青木:私は、自分の人生に起きることはすべて、何かしらの原因があったうえでの結果だと思っているんですよ。だから「原因はなんだろう、考え方を改めよう」という、ひとつの大きな変化につながっているので、よかったといえばよかったことです。

――病気を経験する前と後で、どう考え方が変わったんですか?

青木:パニック症に対する偏見や固定観念がなくなりましたね。最初は心療内科に通っていることを人に知られたくなくて、マスクをして行っていましたし、パニック症だと知られれば、仕事で使いづらいとか、しゃべりづらいとか、笑いにつながりづらいとか、思われるんじゃないかと思っていました。

 でも実際には、心療内科に通う人も至って普通の人たちだし、自分の偏見に自分自身が苦しめられていたことに気づいたんです。今では「(パニック症で)薬を飲んでいるんですか」って聞かれたら、血液型を聞かれたときに「O型です」って答えるのと同じくらい(の感覚で)、「飲んでいます」って答えられます。

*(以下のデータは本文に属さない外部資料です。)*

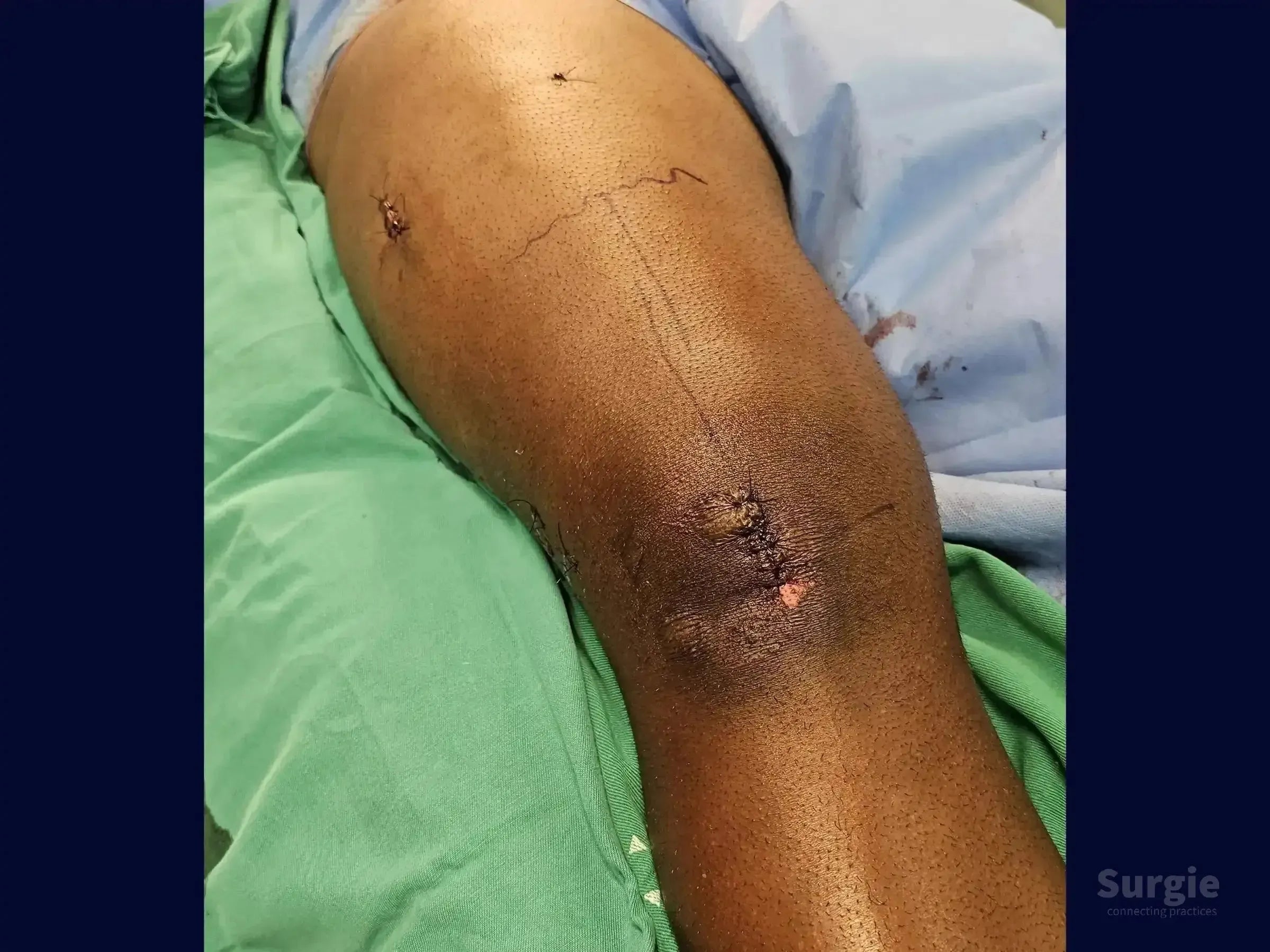 Surgical site on a human knee showing post-operative sutures and markings for intramedullary nailing on a green drape.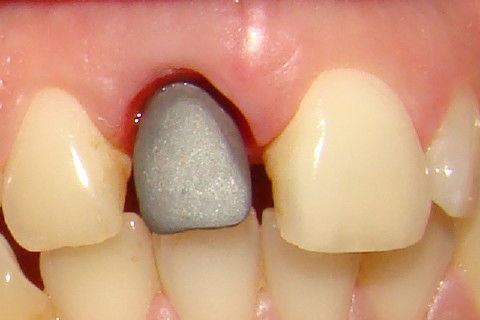 Aspecto do coping no dia da prova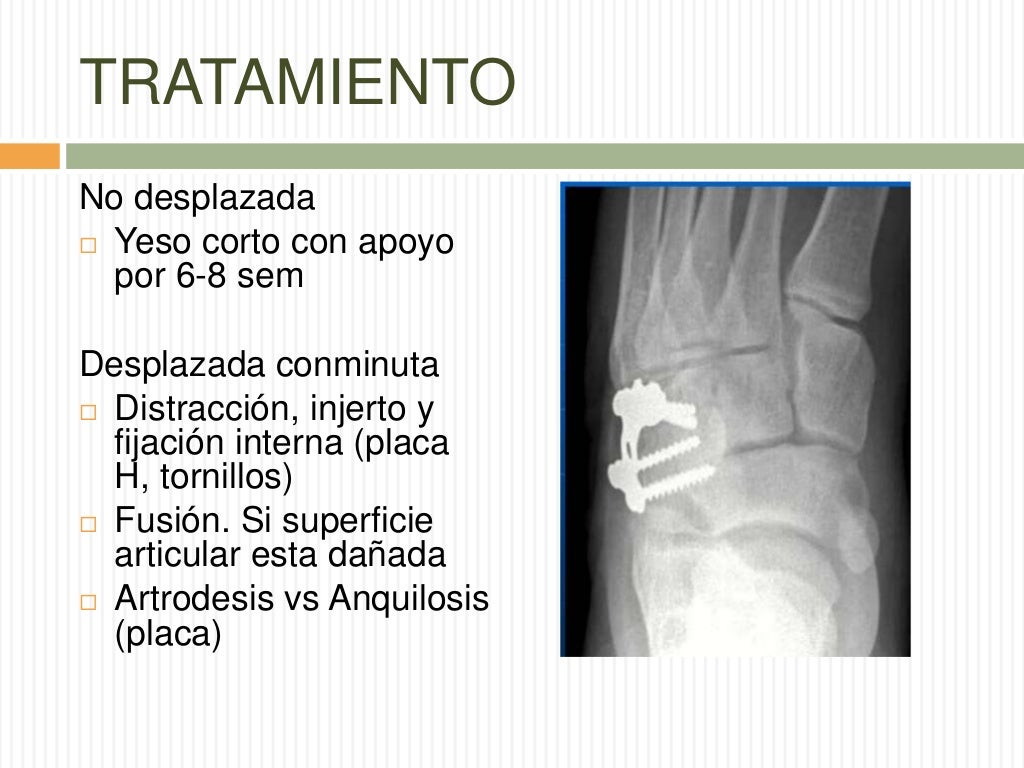 Fractura de cuboides y calcáneo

――自分のなかにある偏見や固定観念に苦しめられていたんですね。

青木:私は、過去に植えつけられた記憶のなかで、偏見や固定観念を持って生きてきました。親や友達、先輩などから言われた言葉が頭の中に残っていて、これを言ってはいけないとか、こう生きていかなきゃいけないとか、こういうときはこうだ、みたいな。そういったものがなければ、きっとストレスはなかったと思います。とは言っても、社会に物申すより、自分が変わったほうが早いのだと、恩師に教えてもらいました。まずは自分の偏見をなくして、自分が変わらないといけないと感じています。

――具体的には、どんなことに気をつけていますか?

青木:仕事では、ネガティブなことを思うと倒れそうになっていたけれど、楽しければきっと倒れない。だから、常に楽しい状況を作るために、人を嫌わない、嫌われないことを意識しています人を嫌わないっていうのは、自分と考え方が違う人がいても否定しないこと。誰も何も否定しなければ、自分も否定されないんじゃないかと思って実践しています。できるだけ自分が仕事をしやすい、生きやすい環境を作るには、人との関わり方や生き方を変えるのが大事だと思います。

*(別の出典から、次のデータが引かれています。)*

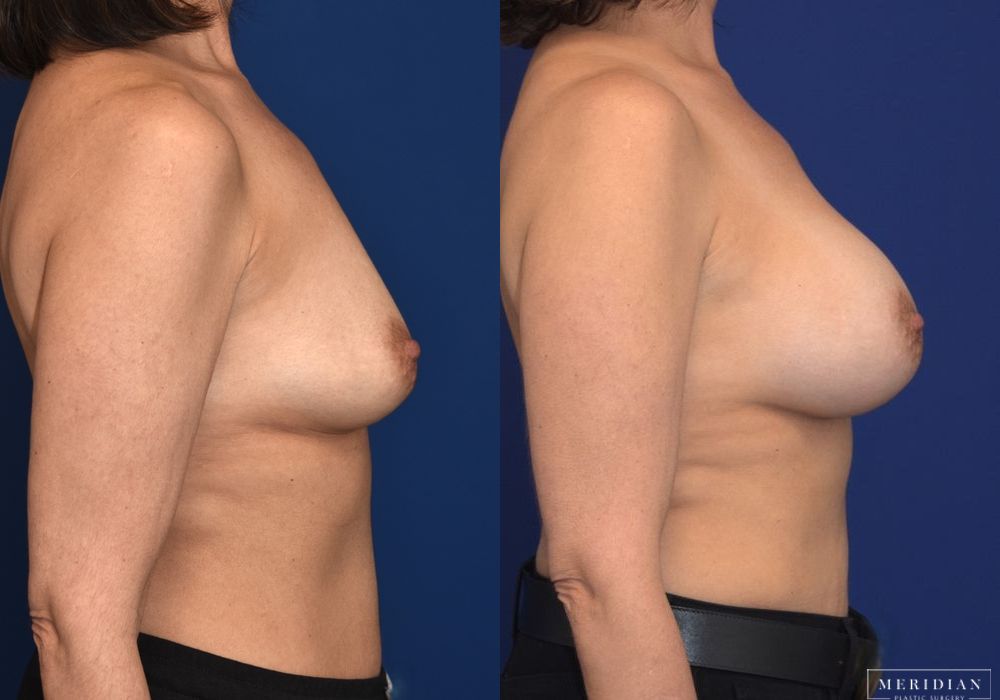 Breast Augmentation - Thumbnail 3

――自分に対しても厳しくなくなったという面もあるんですか?

青木:私は自分をぜんぜん大事にしていなかったんだと思いますね。自分を大事にすることは、人を大事にすることだと思うようになったので、今は前よりも自分のことを大事にできていると思います。

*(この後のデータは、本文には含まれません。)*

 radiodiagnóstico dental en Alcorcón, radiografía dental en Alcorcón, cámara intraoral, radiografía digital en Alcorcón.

――最後に、パニック症で悩む人に向けてメッセージをいただけると幸いです。

青木:私は肺がんもやっていますけれども、パニック症のほうが日常的にはつらかった。世間の目が気になるとか、職場には言いたくないとか、そういう思いがあって、それをストレスに感じる人がいるとしたら、「多くの悩みは植えつけられた固定観念に過ぎない」って思ったほうが、楽に生きられると思います。